WORK INSTRUCTIONS:
Each record is to be transcribed in full and exactly.

________________________________________

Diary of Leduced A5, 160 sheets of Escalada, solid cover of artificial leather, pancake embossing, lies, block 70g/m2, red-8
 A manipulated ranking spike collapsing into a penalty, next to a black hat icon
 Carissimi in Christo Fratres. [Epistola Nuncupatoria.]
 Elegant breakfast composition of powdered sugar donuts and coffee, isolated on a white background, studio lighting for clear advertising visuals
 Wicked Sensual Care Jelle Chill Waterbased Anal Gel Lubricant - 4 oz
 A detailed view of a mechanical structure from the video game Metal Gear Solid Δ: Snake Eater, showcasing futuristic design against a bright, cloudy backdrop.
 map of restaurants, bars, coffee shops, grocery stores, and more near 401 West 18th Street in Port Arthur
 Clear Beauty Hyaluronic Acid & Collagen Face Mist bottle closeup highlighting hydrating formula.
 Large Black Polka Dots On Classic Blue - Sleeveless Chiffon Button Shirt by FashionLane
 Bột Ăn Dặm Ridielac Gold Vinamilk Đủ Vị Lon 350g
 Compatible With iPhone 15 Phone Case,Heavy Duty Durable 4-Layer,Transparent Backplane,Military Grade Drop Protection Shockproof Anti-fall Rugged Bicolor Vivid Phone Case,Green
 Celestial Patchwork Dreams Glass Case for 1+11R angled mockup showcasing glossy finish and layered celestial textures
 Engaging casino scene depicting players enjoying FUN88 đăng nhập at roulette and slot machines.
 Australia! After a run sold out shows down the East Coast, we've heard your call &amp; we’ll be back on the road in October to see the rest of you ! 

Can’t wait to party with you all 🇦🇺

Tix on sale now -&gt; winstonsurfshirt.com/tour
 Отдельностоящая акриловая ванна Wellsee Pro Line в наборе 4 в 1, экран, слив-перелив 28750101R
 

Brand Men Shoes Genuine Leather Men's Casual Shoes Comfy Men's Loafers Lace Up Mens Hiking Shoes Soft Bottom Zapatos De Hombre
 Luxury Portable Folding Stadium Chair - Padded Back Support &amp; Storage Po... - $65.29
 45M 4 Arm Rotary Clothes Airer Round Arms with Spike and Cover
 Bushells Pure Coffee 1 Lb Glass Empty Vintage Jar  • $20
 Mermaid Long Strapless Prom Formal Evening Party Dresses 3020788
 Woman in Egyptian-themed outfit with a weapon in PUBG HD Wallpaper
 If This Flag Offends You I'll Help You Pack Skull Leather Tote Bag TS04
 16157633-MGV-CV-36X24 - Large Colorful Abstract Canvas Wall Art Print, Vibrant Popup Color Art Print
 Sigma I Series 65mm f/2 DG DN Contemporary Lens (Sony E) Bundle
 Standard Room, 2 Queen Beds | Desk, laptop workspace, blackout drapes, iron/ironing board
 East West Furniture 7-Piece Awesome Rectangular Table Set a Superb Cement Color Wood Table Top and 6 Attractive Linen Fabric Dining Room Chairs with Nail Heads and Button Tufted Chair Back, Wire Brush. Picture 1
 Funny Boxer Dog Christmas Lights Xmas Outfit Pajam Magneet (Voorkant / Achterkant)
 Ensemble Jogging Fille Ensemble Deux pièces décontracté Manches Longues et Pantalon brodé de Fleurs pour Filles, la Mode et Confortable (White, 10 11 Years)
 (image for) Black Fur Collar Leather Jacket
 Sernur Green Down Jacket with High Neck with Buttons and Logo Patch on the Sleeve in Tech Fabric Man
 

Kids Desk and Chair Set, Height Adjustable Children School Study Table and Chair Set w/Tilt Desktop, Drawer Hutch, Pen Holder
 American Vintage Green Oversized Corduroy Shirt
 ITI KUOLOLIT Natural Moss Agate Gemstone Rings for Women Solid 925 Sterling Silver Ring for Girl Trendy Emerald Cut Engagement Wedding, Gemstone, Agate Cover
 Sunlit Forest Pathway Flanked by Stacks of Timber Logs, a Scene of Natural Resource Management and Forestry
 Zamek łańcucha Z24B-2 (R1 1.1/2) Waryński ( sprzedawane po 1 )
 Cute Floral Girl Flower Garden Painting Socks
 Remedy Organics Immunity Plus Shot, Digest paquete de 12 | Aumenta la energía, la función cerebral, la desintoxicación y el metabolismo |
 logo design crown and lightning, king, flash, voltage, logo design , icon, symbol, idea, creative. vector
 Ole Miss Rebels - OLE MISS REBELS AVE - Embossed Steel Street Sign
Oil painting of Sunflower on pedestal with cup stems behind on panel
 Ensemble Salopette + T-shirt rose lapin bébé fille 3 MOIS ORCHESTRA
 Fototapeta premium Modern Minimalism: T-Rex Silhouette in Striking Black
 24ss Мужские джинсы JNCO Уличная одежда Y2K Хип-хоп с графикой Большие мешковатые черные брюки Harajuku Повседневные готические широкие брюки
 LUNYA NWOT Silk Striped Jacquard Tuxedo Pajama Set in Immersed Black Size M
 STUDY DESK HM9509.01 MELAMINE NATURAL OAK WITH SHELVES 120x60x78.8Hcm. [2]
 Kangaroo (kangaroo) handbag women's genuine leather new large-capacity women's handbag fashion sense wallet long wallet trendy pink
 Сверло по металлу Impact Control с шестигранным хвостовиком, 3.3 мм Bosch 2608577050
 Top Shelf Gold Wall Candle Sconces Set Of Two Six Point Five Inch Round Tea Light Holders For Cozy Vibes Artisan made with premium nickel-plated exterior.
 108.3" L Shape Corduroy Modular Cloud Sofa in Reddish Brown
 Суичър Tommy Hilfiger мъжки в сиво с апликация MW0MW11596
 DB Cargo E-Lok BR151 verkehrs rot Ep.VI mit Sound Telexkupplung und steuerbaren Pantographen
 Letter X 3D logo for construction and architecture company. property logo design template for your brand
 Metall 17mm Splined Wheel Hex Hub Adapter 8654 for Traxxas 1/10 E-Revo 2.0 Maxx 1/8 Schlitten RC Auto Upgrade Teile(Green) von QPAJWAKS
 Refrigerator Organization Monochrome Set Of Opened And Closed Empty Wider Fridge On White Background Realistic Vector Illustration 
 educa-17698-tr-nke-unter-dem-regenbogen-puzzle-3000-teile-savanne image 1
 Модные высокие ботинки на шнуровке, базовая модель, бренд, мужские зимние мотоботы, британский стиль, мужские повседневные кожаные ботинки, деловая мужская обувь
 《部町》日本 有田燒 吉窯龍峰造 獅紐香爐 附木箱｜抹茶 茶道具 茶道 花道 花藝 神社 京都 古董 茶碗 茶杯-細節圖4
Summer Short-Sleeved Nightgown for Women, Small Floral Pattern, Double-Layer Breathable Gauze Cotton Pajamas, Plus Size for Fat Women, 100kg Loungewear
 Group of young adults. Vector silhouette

________________________________________

RESPONSE:
Diary of Leduced A5, 160 sheets of Escalada, solid cover of artificial leather, pancake embossing, lies, block 70g/m2, red-8
 A manipulated ranking spike collapsing into a penalty, next to a black hat icon
 Carissimi in Christo Fratres. [Epistola Nuncupatoria.]
 Elegant breakfast composition of powdered sugar donuts and coffee, isolated on a white background, studio lighting for clear advertising visuals
 Wicked Sensual Care Jelle Chill Waterbased Anal Gel Lubricant - 4 oz
 A detailed view of a mechanical structure from the video game Metal Gear Solid Δ: Snake Eater, showcasing futuristic design against a bright, cloudy backdrop.
 map of restaurants, bars, coffee shops, grocery stores, and more near 401 West 18th Street in Port Arthur
 Clear Beauty Hyaluronic Acid & Collagen Face Mist bottle closeup highlighting hydrating formula.
 Large Black Polka Dots On Classic Blue - Sleeveless Chiffon Button Shirt by FashionLane
 Bột Ăn Dặm Ridielac Gold Vinamilk Đủ Vị Lon 350g
 Compatible With iPhone 15 Phone Case,Heavy Duty Durable 4-Layer,Transparent Backplane,Military Grade Drop Protection Shockproof Anti-fall Rugged Bicolor Vivid Phone Case,Green
 Celestial Patchwork Dreams Glass Case for 1+11R angled mockup showcasing glossy finish and layered celestial textures
 Engaging casino scene depicting players enjoying FUN88 đăng nhập at roulette and slot machines.
 Australia! After a run sold out shows down the East Coast, we've heard your call &amp; we’ll be back on the road in October to see the rest of you ! 

Can’t wait to party with you all 🇦🇺

Tix on sale now -&gt; winstonsurfshirt.com/tour
 Отдельностоящая акриловая ванна Wellsee Pro Line в наборе 4 в 1, экран, слив-перелив 28750101R
 

Brand Men Shoes Genuine Leather Men's Casual Shoes Comfy Men's Loafers Lace Up Mens Hiking Shoes Soft Bottom Zapatos De Hombre
 Luxury Portable Folding Stadium Chair - Padded Back Support &amp; Storage Po... - $65.29
 45M 4 Arm Rotary Clothes Airer Round Arms with Spike and Cover
 Bushells Pure Coffee 1 Lb Glass Empty Vintage Jar  • $20
 Mermaid Long Strapless Prom Formal Evening Party Dresses 3020788
 Woman in Egyptian-themed outfit with a weapon in PUBG HD Wallpaper
 If This Flag Offends You I'll Help You Pack Skull Leather Tote Bag TS04
 16157633-MGV-CV-36X24 - Large Colorful Abstract Canvas Wall Art Print, Vibrant Popup Color Art Print
 Sigma I Series 65mm f/2 DG DN Contemporary Lens (Sony E) Bundle
 Standard Room, 2 Queen Beds | Desk, laptop workspace, blackout drapes, iron/ironing board
 East West Furniture 7-Piece Awesome Rectangular Table Set a Superb Cement Color Wood Table Top and 6 Attractive Linen Fabric Dining Room Chairs with Nail Heads and Button Tufted Chair Back, Wire Brush. Picture 1
 Funny Boxer Dog Christmas Lights Xmas Outfit Pajam Magneet (Voorkant / Achterkant)
 Ensemble Jogging Fille Ensemble Deux pièces décontracté Manches Longues et Pantalon brodé de Fleurs pour Filles, la Mode et Confortable (White, 10 11 Years)
 (image for) Black Fur Collar Leather Jacket
 Sernur Green Down Jacket with High Neck with Buttons and Logo Patch on the Sleeve in Tech Fabric Man
 

Kids Desk and Chair Set, Height Adjustable Children School Study Table and Chair Set w/Tilt Desktop, Drawer Hutch, Pen Holder
 American Vintage Green Oversized Corduroy Shirt
 ITI KUOLOLIT Natural Moss Agate Gemstone Rings for Women Solid 925 Sterling Silver Ring for Girl Trendy Emerald Cut Engagement Wedding, Gemstone, Agate Cover
 Sunlit Forest Pathway Flanked by Stacks of Timber Logs, a Scene of Natural Resource Management and Forestry
 Zamek łańcucha Z24B-2 (R1 1.1/2) Waryński ( sprzedawane po 1 )
 Cute Floral Girl Flower Garden Painting Socks
 Remedy Organics Immunity Plus Shot, Digest paquete de 12 | Aumenta la energía, la función cerebral, la desintoxicación y el metabolismo |
 logo design crown and lightning, king, flash, voltage, logo design , icon, symbol, idea, creative. vector
 Ole Miss Rebels - OLE MISS REBELS AVE - Embossed Steel Street Sign
Oil painting of Sunflower on pedestal with cup stems behind on panel
 Ensemble Salopette + T-shirt rose lapin bébé fille 3 MOIS ORCHESTRA
 Fototapeta premium Modern Minimalism: T-Rex Silhouette in Striking Black
 24ss Мужские джинсы JNCO Уличная одежда Y2K Хип-хоп с графикой Большие мешковатые черные брюки Harajuku Повседневные готические широкие брюки
 LUNYA NWOT Silk Striped Jacquard Tuxedo Pajama Set in Immersed Black Size M
 STUDY DESK HM9509.01 MELAMINE NATURAL OAK WITH SHELVES 120x60x78.8Hcm. [2]
 Kangaroo (kangaroo) handbag women's genuine leather new large-capacity women's handbag fashion sense wallet long wallet trendy pink
 Сверло по металлу Impact Control с шестигранным хвостовиком, 3.3 мм Bosch 2608577050
 Top Shelf Gold Wall Candle Sconces Set Of Two Six Point Five Inch Round Tea Light Holders For Cozy Vibes Artisan made with premium nickel-plated exterior.
 108.3" L Shape Corduroy Modular Cloud Sofa in Reddish Brown
 Суичър Tommy Hilfiger мъжки в сиво с апликация MW0MW11596
 DB Cargo E-Lok BR151 verkehrs rot Ep.VI mit Sound Telexkupplung und steuerbaren Pantographen
 Letter X 3D logo for construction and architecture company. property logo design template for your brand
 Metall 17mm Splined Wheel Hex Hub Adapter 8654 for Traxxas 1/10 E-Revo 2.0 Maxx 1/8 Schlitten RC Auto Upgrade Teile(Green) von QPAJWAKS
 Refrigerator Organization Monochrome Set Of Opened And Closed Empty Wider Fridge On White Background Realistic Vector Illustration 
 educa-17698-tr-nke-unter-dem-regenbogen-puzzle-3000-teile-savanne image 1
 Модные высокие ботинки на шнуровке, базовая модель, бренд, мужские зимние мотоботы, британский стиль, мужские повседневные кожаные ботинки, деловая мужская обувь
 《部町》日本 有田燒 吉窯龍峰造 獅紐香爐 附木箱｜抹茶 茶道具 茶道 花道 花藝 神社 京都 古董 茶碗 茶杯-細節圖4
Summer Short-Sleeved Nightgown for Women, Small Floral Pattern, Double-Layer Breathable Gauze Cotton Pajamas, Plus Size for Fat Women, 100kg Loungewear
 Group of young adults. Vector silhouette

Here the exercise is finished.